=== Problem to work on ===
Any pictures in the records below must be left out when you repeat the lines from the line containing "Ex-和平使者 on Tensor.Art" through the line containing "mitchcasspari's tweet card." exactly.

=== Provided data ===
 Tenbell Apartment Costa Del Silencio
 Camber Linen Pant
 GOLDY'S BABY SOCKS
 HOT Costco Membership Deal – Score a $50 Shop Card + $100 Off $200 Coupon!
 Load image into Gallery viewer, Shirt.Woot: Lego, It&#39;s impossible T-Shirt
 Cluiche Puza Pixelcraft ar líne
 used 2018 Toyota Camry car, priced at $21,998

--

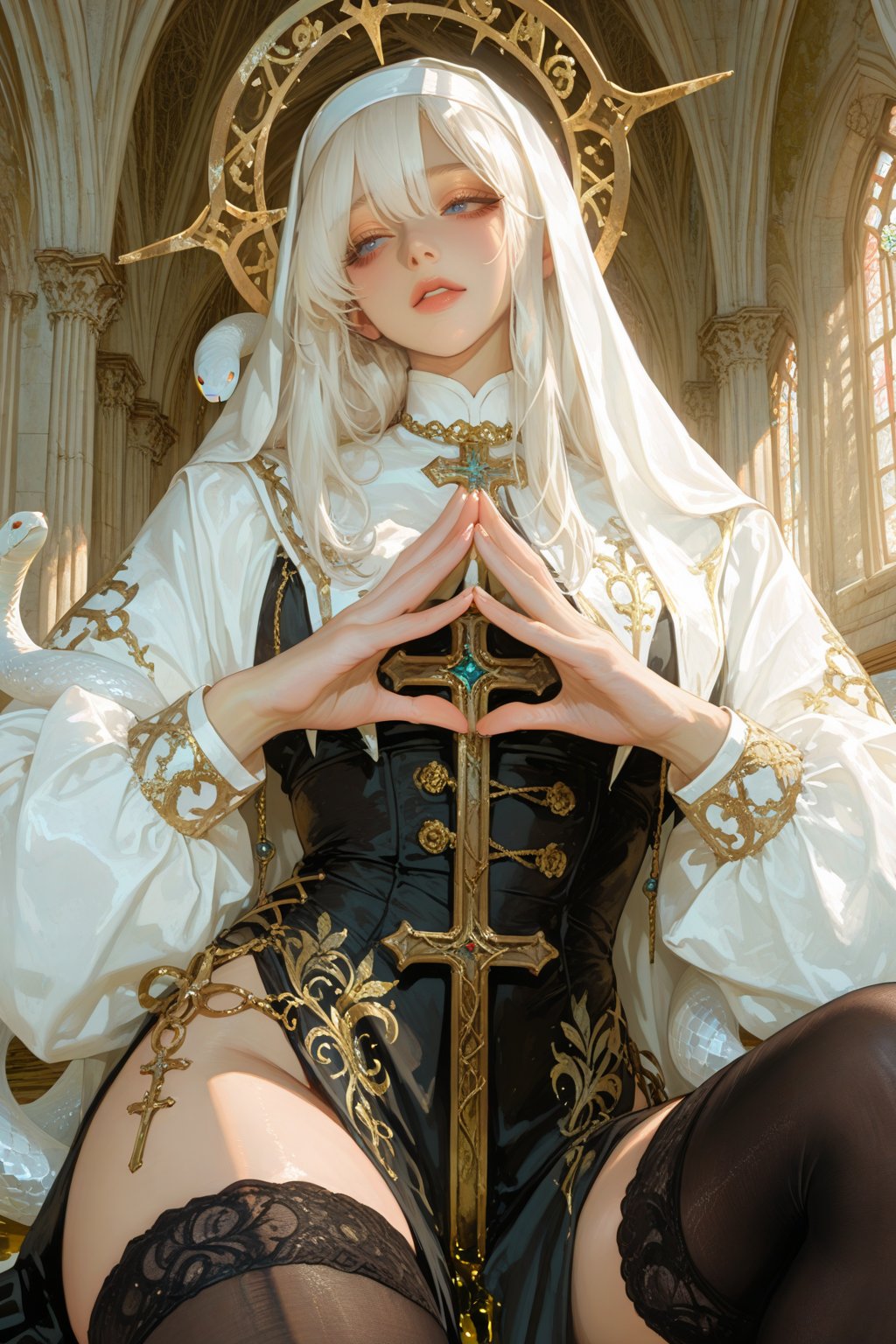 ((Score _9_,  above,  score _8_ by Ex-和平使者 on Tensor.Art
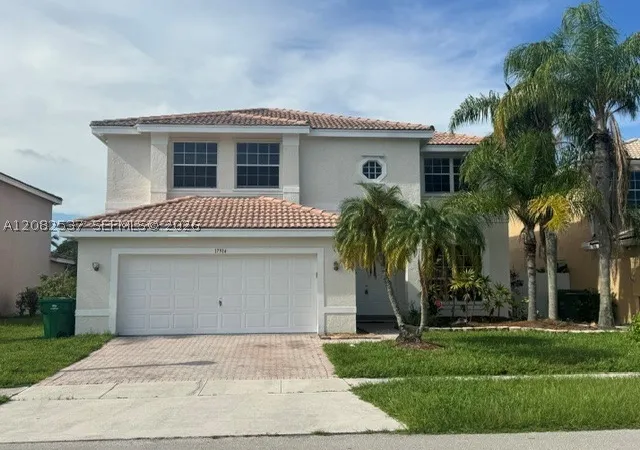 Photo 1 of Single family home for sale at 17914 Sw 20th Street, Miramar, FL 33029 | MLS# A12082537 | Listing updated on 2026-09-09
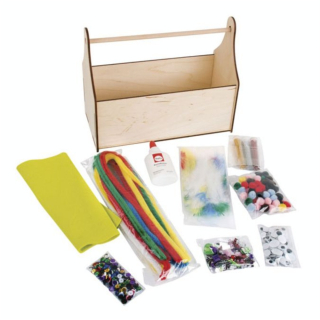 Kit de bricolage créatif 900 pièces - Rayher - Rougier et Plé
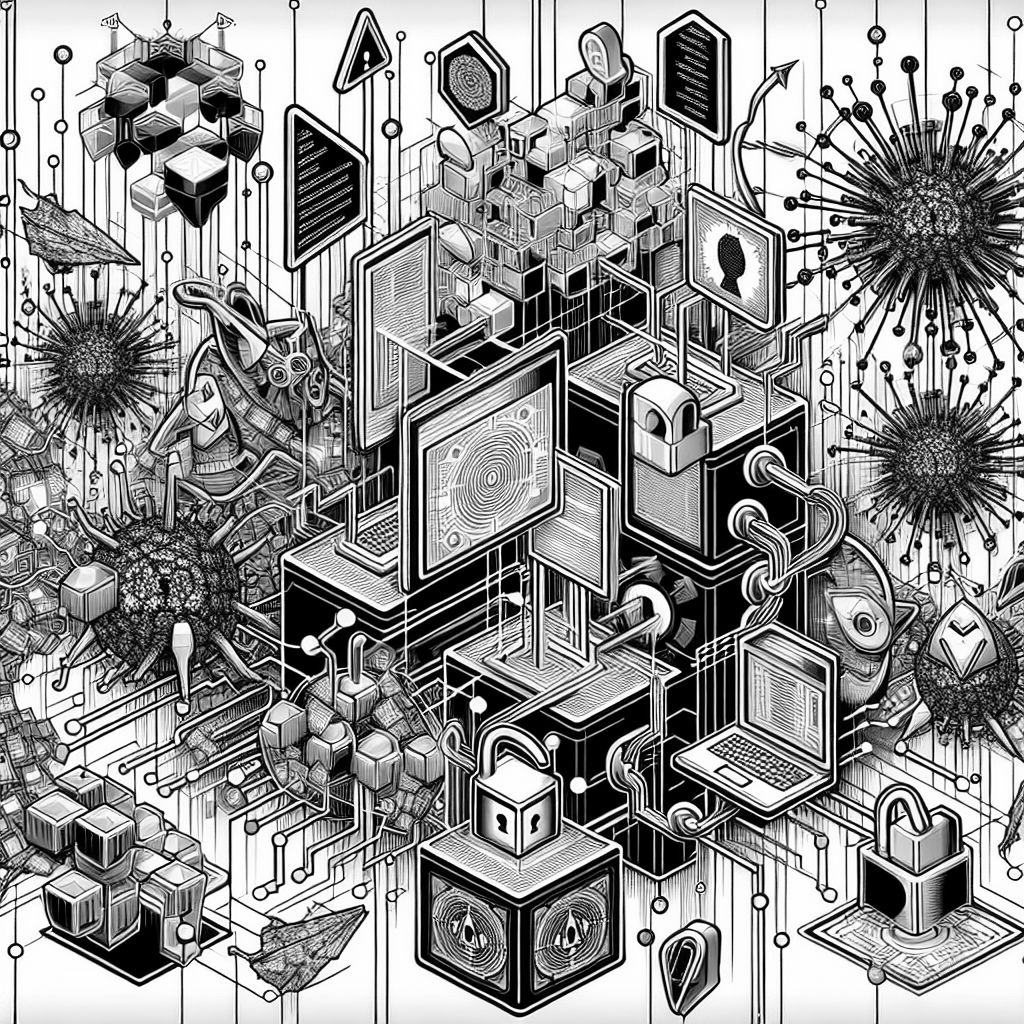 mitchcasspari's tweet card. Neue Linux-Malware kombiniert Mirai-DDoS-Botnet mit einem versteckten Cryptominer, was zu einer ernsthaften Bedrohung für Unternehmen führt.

=== Solution for this task ===
 ((Score _9_,  above,  score _8_ by Ex-和平使者 on Tensor.Art
 Photo 1 of Single family home for sale at 17914 Sw 20th Street, Miramar, FL 33029 | MLS# A12082537 | Listing updated on 2026-09-09
 Kit de bricolage créatif 900 pièces - Rayher - Rougier et Plé
 mitchcasspari's tweet card. Neue Linux-Malware kombiniert Mirai-DDoS-Botnet mit einem versteckten Cryptominer, was zu einer ernsthaften Bedrohung für Unternehmen führt.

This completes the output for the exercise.